LG Electronicsは9日、大容量の業務用ランドリー機器「LG Professional」を発売すると発表した。AI技術を活用して洗濯・乾燥性能とエネルギー効率を高めた製品で、今月の欧州投入を皮切りに、アジアや北米など主要市場へ順次展開する。
ラインアップは、30kg・25kg・20kgの洗濯機、30kg・25kgの乾燥機、洗濯から乾燥まで1台でこなす一体型の洗濯乾燥機を含む全6機種。
同社は今回の新製品投入を通じて、大容量機器を必要とする法人需要の取り込みを進める。欧州では、観光需要に加え高齢化を背景に、ホテルや病院、介護施設などで大容量の業務用ランドリー機器の需要が拡大しているという。
市場調査会社Skyquestによると、世界の商業用洗濯市場は2032年までに約108億ドル規模に成長する見通しだ。
LG Professionalは、主要部品技術にAIを組み合わせた「AIコアテック」を採用した。洗濯物の重量をAIが分析し、水使用量を調整するとともに乾燥条件を最適化することで、時間、水、電力の使用量を抑える。

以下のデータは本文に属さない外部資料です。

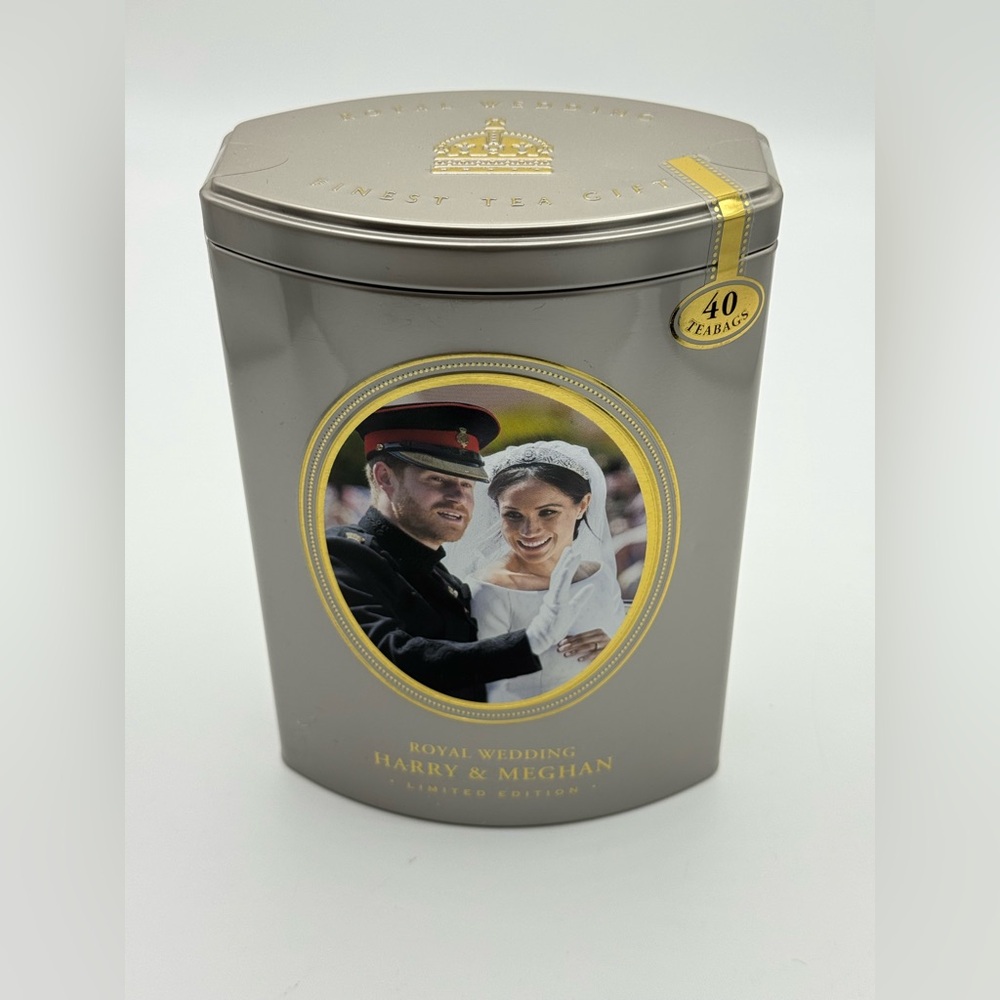 Royal Wedding Commemorative Tin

洗濯機は最大1100rpmの高速脱水に対応し、残留水分を減らして乾燥時間の短縮につなげる。1100rpmは、洗濯槽が1分間に最大1100回、1秒間に約18回回転する水準だ。
安定稼働に向け、「ダイナミック・ボール・コア・システム」も採用した。ジャイロセンサーでドラム内の偏りを検知して自動補正する仕組みで、高速脱水時の振動や騒音を抑え、部品の摩耗を抑制。メンテナンス負担の軽減にもつなげる。
乾燥機と一体型洗濯乾燥機には、冷媒の循環過程で生じる熱を利用して水分を除去する低温除湿方式の「デュアルインバータ・ヒートポンプ」を搭載した。ヒーター方式に比べて消費電力が少なく、衣類へのダメージを抑えられる点が特徴だ。
同社によると、ヒートポンプを採用したコンボモデルとしては業界初で、乾燥機は業界最大容量だという。
ソン・チャンウ氏(LG Electronics リビングソリューション事業部長)は「AIと高効率技術、統合管理ソリューションを通じて、顧客がランドリー事業所をより効率的に運営できるよう支援する。世界の商業用洗濯市場で事業を積極的に拡大していく」とコメントした。